Promoting Early Childhood Development to Help Break the Cycle of Poverty

Led by Theresa Betancourt, associate professor of child health and human rights, the Department of Global Health and Population's Research Program on Children and Global Adversity focused on understanding trajectories of risk and resilience in children facing multiple forms of adversity. In Rwanda, the program worked with partners such as USAID, the World Bank, FXB Rwanda, and the Government of Rwanda, among others, to evaluate the implementation of a low-cost, scalable home-visiting model to promote positive parent-child relationships, reduce violence and harsh punishment, and foster child development in families living in extreme poverty.

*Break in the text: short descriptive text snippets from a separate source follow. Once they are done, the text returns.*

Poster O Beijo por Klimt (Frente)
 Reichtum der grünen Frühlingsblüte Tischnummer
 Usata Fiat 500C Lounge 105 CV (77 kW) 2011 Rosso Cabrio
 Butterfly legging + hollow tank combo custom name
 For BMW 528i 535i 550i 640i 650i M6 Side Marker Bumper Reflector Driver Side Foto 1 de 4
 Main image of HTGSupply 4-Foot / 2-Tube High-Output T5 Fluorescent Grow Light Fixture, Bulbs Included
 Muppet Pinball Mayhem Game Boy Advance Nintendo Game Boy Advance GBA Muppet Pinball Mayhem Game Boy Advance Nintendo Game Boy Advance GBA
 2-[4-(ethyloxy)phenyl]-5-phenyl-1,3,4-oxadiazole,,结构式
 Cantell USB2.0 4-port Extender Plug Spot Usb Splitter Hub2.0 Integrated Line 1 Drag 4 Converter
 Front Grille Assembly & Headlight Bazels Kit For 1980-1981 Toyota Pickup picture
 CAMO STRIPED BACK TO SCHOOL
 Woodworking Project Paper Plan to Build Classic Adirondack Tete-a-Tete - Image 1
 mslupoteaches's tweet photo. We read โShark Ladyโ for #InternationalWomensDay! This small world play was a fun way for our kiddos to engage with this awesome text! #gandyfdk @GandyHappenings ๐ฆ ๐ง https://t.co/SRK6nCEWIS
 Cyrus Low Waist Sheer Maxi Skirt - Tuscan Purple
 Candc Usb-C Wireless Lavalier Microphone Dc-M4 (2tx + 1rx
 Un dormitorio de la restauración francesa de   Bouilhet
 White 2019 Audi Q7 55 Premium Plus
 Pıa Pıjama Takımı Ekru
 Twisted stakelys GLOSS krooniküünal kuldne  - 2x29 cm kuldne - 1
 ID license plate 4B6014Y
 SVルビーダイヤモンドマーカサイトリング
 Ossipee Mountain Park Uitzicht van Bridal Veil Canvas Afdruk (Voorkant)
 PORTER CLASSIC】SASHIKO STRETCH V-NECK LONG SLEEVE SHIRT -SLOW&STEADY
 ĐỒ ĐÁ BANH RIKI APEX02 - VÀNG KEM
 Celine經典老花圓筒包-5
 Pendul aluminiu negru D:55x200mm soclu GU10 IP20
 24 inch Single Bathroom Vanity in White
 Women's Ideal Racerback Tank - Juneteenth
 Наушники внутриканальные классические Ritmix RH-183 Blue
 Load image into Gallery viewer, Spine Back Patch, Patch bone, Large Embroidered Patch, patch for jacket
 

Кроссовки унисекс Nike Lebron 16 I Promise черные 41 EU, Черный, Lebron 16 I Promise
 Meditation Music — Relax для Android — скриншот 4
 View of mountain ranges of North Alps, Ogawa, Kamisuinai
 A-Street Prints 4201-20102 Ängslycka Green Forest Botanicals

The intervention model they developed—named Sugira Muryango— was intended to be delivered by lay community workers via active coaching in the home setting. Its curriculum focused on the core elements of child development—physical, cognitive, linguistic, and socio-emotional—and built on the World Health Organization/UNICEF Care for Child Development Package, which had been delivered successfully across low-resource settings. Sugira Muryango also addressed key psycho-social issues, including conflict resolution and violence prevention, while bolstering resilience and promoting future stability. As part of the implementation trial, the team assessed the feasibility of integrating Sugira Muryango into Vision 2020, Rwanda's flagship poverty reduction program.

Harvard Global Services in Rwanda

Harvard Chan School utilized our employment service to support the project's in-country researcher. We were able to provide employment for the federally-funded project in Rwanda via a bilateral agreement between the U.S. and Rwanda.